**Activity**
Omitting all pictures, copy word for word the lines from the line containing "Travelodge by Wyndham" through the final line of the entries.

**Given entries**
==================================================

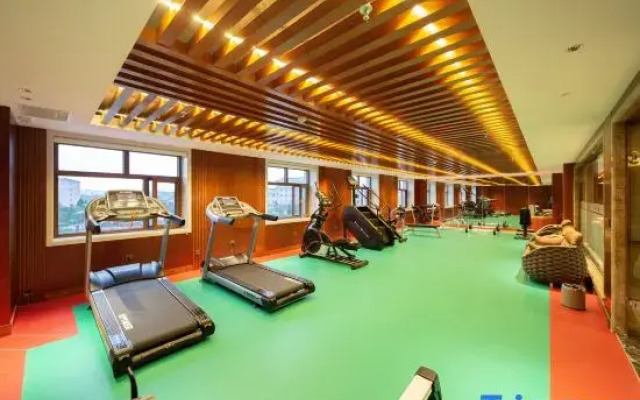 peninsula holiday inn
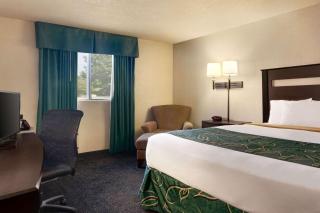 Travelodge by Wyndham Jefferson City - Jefferson City - 2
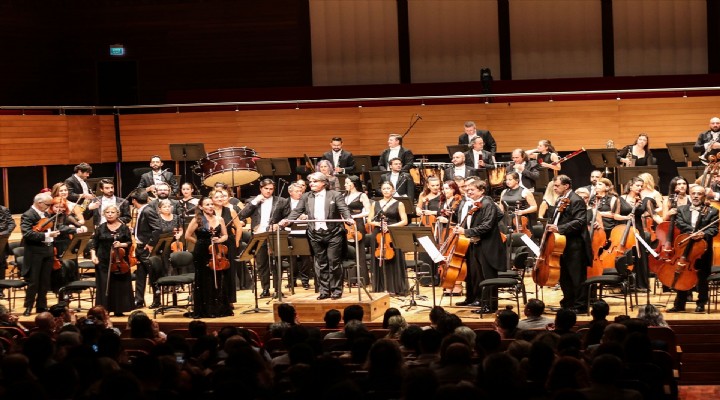 İzmir Devlet Senfoni Orkestrası sezonu  Beethoven  ve  Çaykovski nin eserleriyle açtı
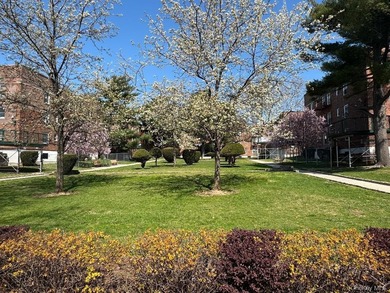 Beautiful garden apartment located in the heart of Kew Garden - photo 9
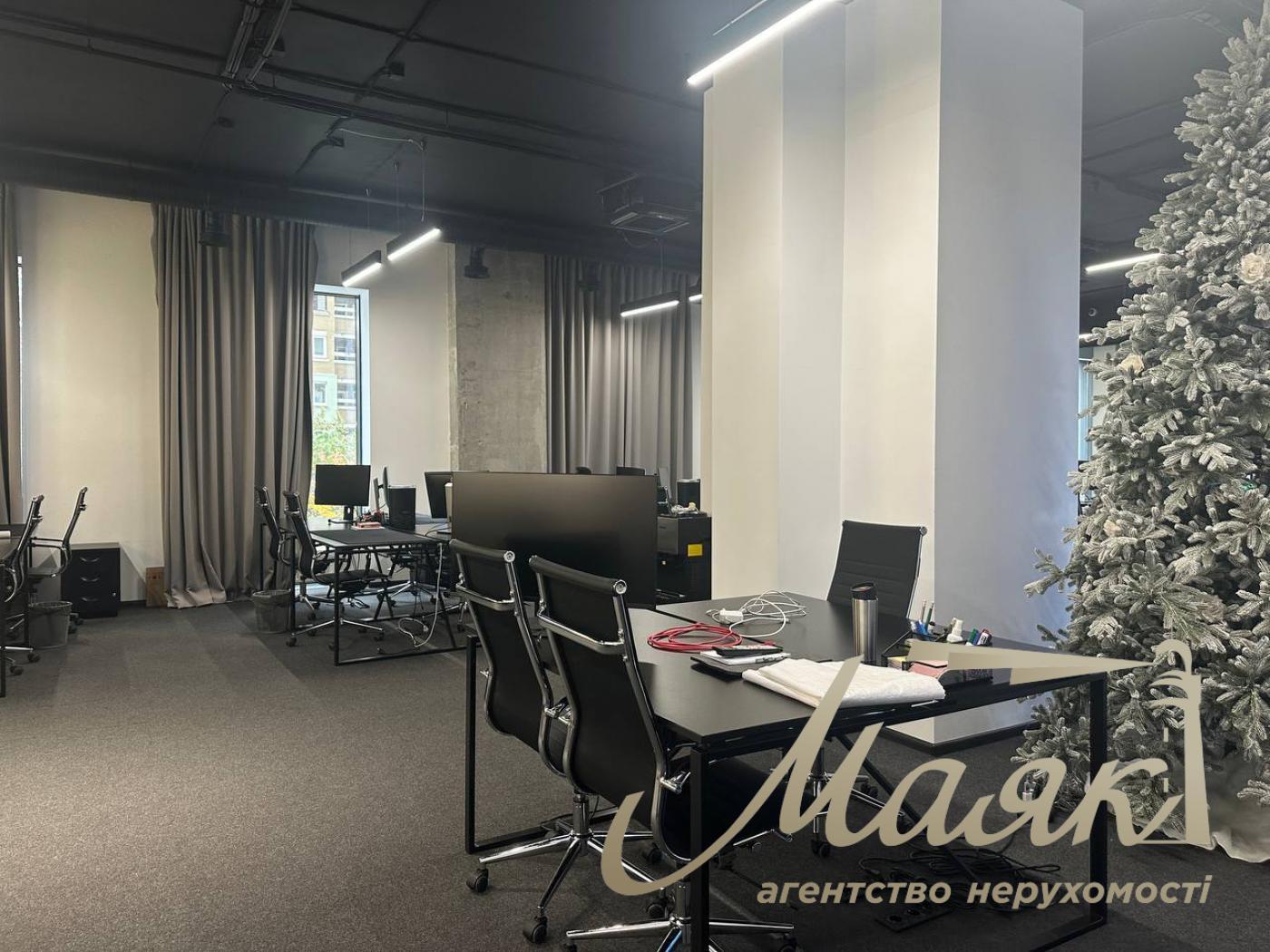 Оренда офісу 680м2 в ЖК Нью Йорк по вул.Антоновича 74, Олімпійська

==================================================

**Answer box**
 Travelodge by Wyndham Jefferson City - Jefferson City - 2
 İzmir Devlet Senfoni Orkestrası sezonu  Beethoven  ve  Çaykovski nin eserleriyle açtı
 Beautiful garden apartment located in the heart of Kew Garden - photo 9
 Оренда офісу 680м2 в ЖК Нью Йорк по вул.Антоновича 74, Олімпійська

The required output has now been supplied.